The lobster will be served straight up with a dipping option of butter and creamy tarragon style remoulade.

I would definately want a big bordeaux for under $100....

anyone tried a Pichon Lalande or a Domaine de Chevalier

yeah,

maybe a white chevalier.

I think a red bordeaux is all wrong here, the red will overpower the lobster. especially given your preparation. Doesn't matter if your serving a good 1970, the wine will thump it into next week. you are thinking too much about the steak, which will go with many things provided the flavour is there, and the acidity is too. The lobster will not be so forgiving.
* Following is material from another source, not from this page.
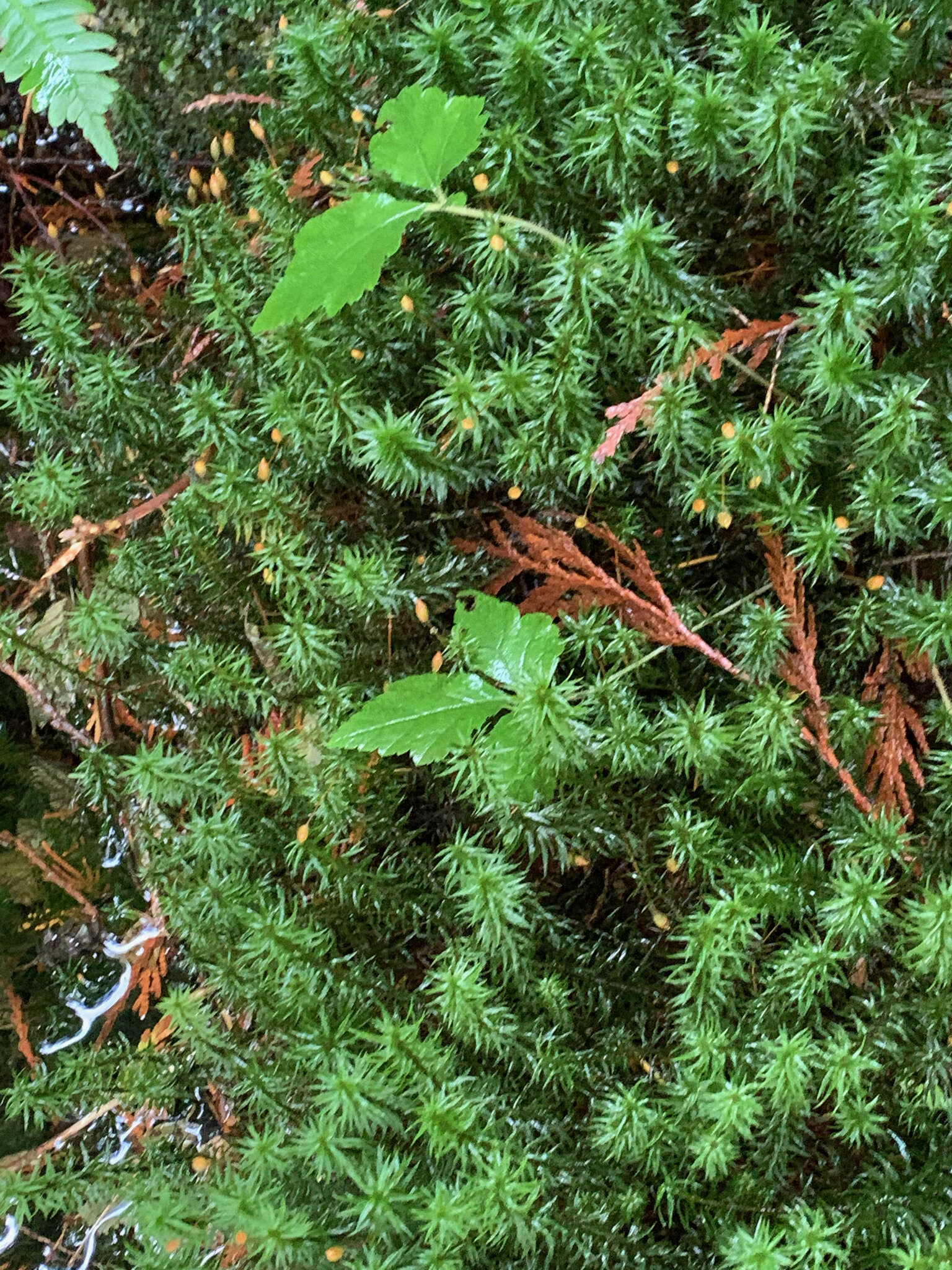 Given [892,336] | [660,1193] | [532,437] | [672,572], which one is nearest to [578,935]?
[660,1193]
Condrieu - rich flavours, but no acidity to speak of. your steak and mustard sauce will laugh at it.

Batard or Corton charlemagne? could work, but would need to be 2000, to make your budget and have the intensity needed.

my call would absolutely be, grand cru chablis, perhaps 1998 or 2000. Fat, big wines, with rapier acidity. it's this thrust that will allow it to partner the steak and match a buttery lobster well also. R&V Dauvissat Preuses? maybe le clos, but the extra fattness of the preuses would come in handy.

you will be amazed at how it handles the mustard gravy, and navigates bloody meat.

Cheers

Scott

ps. a white chevalier could also work.

A meal without wine is... well, erm, what is that like?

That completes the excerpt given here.